Millennial and Gen Z Americans, many raised during the depths of the Great Recession during the late 2000s and early 2010s, long have been wary of Wall Street products and act more thrifty than their parents' generations. Recent research from the New York Federal Reserve, though, reveals an alarming trend: Rising credit card delinquencies among these younger consumer classes.
Among Americans age 18 to 29, credit card delinquencies of 90 days or greater surpassed 8% of balances in the first quarter, hitting an eight-year high.
"It is the 'We don't own' generation. It is unusual when we think of this cohort. These were the people who didn't take on debt," said Dan Primack, business editor at Axios, in a Monday appearance on CNBC's The Exchange.
The rising credit card debt comes at a time when big financial services firms are finding that this consumer debt demographic is more enticed by "extravagant" credit card sign-up bonuses than ongoing cash back or zero-percent interest offers, according to a new CreditCards.com report. Zero-percent interest on new purchases for 18 months (11%) and zero-percent interest on balance transfers for 21 months (6%), were well below interest in sign-up bonuses and travel credits.
The rise in consumer debt also picked up as the Federal Reserve was nearing an end to its era of ultra-low interest rates. While the Fed has put further rate increases on hold, the central bank was raising rates from unprecedented lows in 2018, and that influences rates on products like consumer credit cards.

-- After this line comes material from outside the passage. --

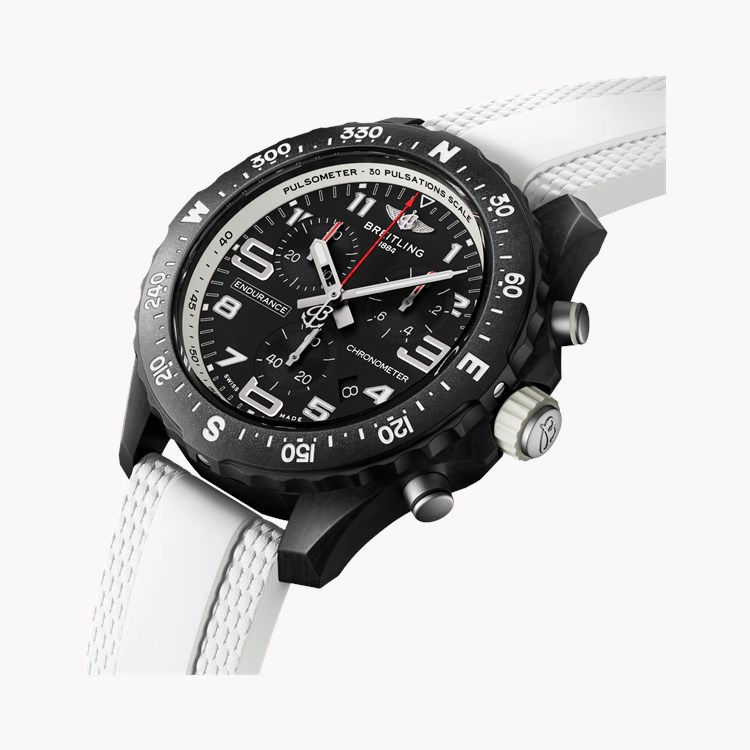 Breitling Endurance Pro 38 38mm, Black Dial, Arabic Numeral_2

"With interest rates going up, the average credit card rate is 18%, and that's for people with good credit," said Ted Rossman, industry analyst at Creditcards.com. "It can be as high as 25%."

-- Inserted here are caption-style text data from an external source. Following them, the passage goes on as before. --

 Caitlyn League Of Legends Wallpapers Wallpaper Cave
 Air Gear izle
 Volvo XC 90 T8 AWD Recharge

The NY Fed data shows that delinquencies of 90 days-plus are highest among the 18-29 year-old age group of Americans across all forms of debt, with credit card debt being the highest by percentage.
Primack pointed to the strength of the U.S. economy, which has now been expanding for a decade, as a factor in the increasing level of debt from Americans predisposed to be careful with their money.
Rossman said there are only two credit card user categories an individual ever wants to be in: the group of people who make their effective interest rate zero by paying their balance in full every month, or in the least, being eligible for a balance transfer offer that will convert their rate to zero.
Credit card usage is up, he said, and the best option is to be among the 40% of cardholders paying bills in full every month.
Rossman cautioned against reading too much into the rise in delinquencies. He noted that the Fed's own data shows a debt-to-income ratio in the U.S. at its lowest point since 1980.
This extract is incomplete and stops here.